Le film s'ouvre sur un paysage calme du nord de la France. Le vent souffle sur les fleurs, la végétation s’étend vers l’horizon. Puis, par un mouvement arrière, la caméra commence lentement à prendre de la distance et révèle la présence de Schofield et de Blake en train de se reposer. Les deux frères d’arme sont réveillés par leur supérieur et sommés de rejoindre le général Erinmore (Colin Firth). Placée devant les personnages, la caméra se distancie de plus en plus de la quiétude initiale et s’enfonce dans l’agitation des tranchées. La particularité de cette séquence, c’est qu’elle sera pratiquement ininterrompue.

À l’instar de Birdman en 2014 (A.G. Inarritù), Sam Mendes prend le parti du quasi « one take film » (un film en plan séquence intégral). Ce choix accentue la sensation d’immersion que le film peut provoquer. On ne fait pas que suivre une narration, on partage le hic et le nunc des personnages principaux. Nous ne pouvons rien savoir avant eux de ce qu’il adviendra et nous suivons en parfaite synchronie tous les obstacles qu’il leur faut surmonter. On n’ose imaginer la complexité et le nombre de répétitions que comédiens, figurants et équipe technique durent faire avant de lancer le moteur. Néanmoins, c’est une chose qui ne doit pas être méconnue du cinéaste, également réputé  pour ses mises en scène au théâtre.

 

Dans ce parcours, littéral, du combattant durant lequel le spectateur est en entière synchronie narrative avec les personnages, la métamorphose de l’environnement en devient presque troublante. En quelques centaines de mètres, le paysage alterne entre le beau et l’horrible. Comme les deux personnages, nous ne savons à quoi nous attendre. La caméra reste centrée sur les protagonistes en train d’escalader une butte, une tranchée et ne dévoile qu’au dernier moment le paysage. Cela peut être le véritable charnier du no man’s land, jonché de boue, de cadavres en décomposition et de rats, comme cela peut être un verger de cerisiers sciés dont les pétales flottants présagent des jours meilleurs. On peut notamment noter la portée de l’environnement sur celui qui s’y trouve.
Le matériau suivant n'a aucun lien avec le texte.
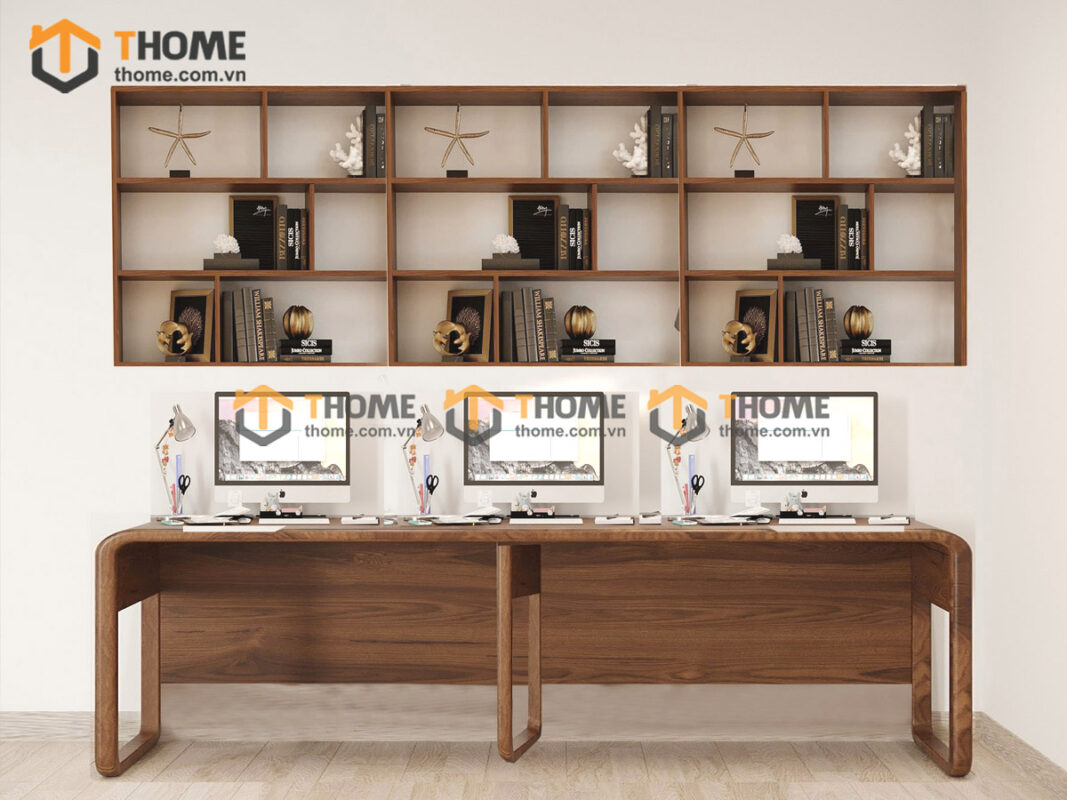 Bàn Làm Việc Góc Gỗ Sồi Tự Nhiên Nova 2 Tầng BLV2T-10SN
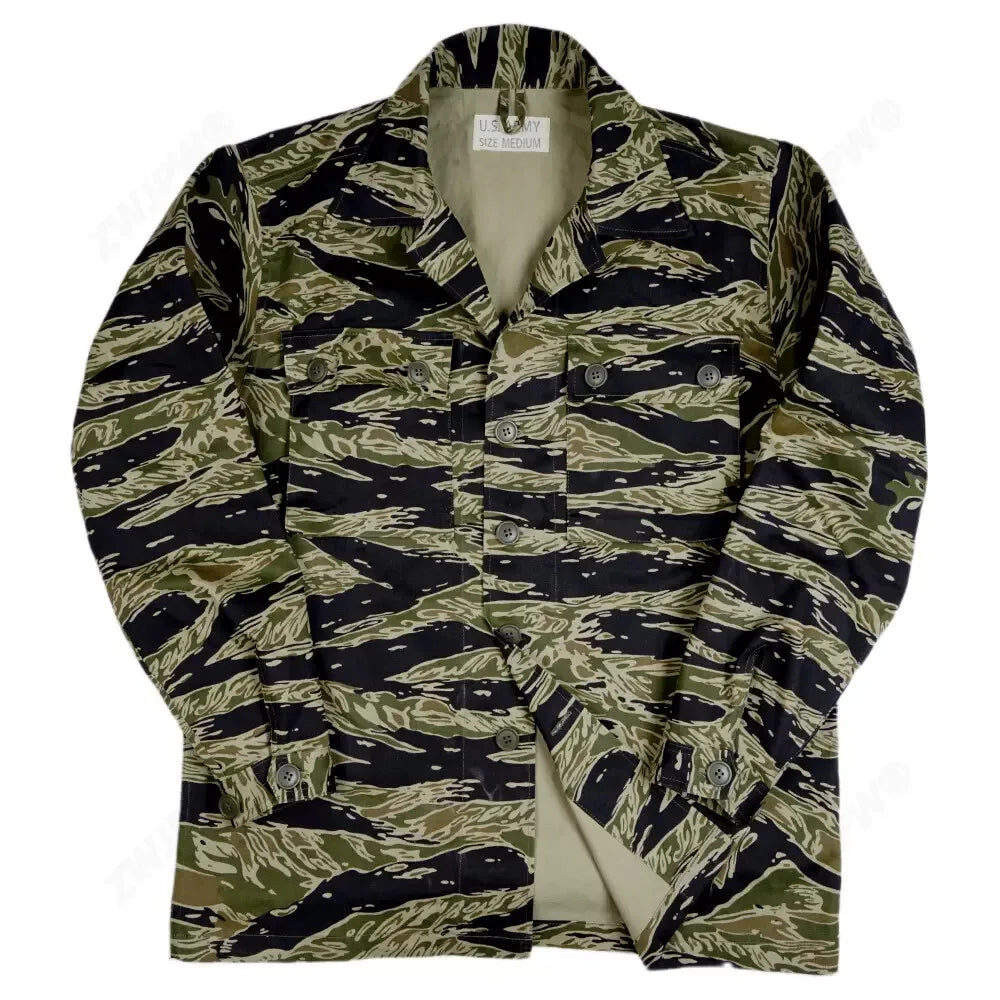 Tiger Jacket Vietnam Suit Tabby Striped Top and Pants Replica World War II Equipment Casual Training Suit WW2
Il y a évidemment l’impact sur le spectateur qui ne peut désormais (en 2020) qu’être étranger à la réalité de ce que fut cette guerre mais cet effet est aussi visible sur les personnages.

Les éléments qui composent l’environnement s’accumulent sur les soldats et marquent comme une médaille chaque nouvelle étape du parcours. Quand ils sont sur le départ, les uniformes sont immaculés et le paysage a une beauté pastorale. Puis le no man’s land et les tranchées entachent les textiles de boue, de sang et de viscères, les explosions dans les tranchées les saupoudrent de poussière ; tandis que les équipements tombent au fur et à mesure et laissent les personnages dans leur vulnérabilité la plus extrême face à un danger constant.

 

La question de la beauté qui émerge de la violence est un point récurrent dans le cinéma de Mendes. On peut d’ailleurs saluer la maestria de Roger Deakins avec laquelle il parvient dans un film-plan séquence à composer des plans absolument sublimes qu'il serait compliqué de mettre en place avec une caméra fixe. Cette beauté intermittente ponctue ces longues péripéties dans un enfer sur terre, comme une méditation sur une possibilité de paradis, d’un meilleur. De la même manière, c’est souvent quand l’homme est le plus vulnérable et le plus maculé qu’il peut en émaner un courage et une persévérance sans limite. Un héroïsme que Sam Mendes attribue notamment à son grand père, Alfred H. Mendes, dont l’autobiographie est l’inspiration première de 1917.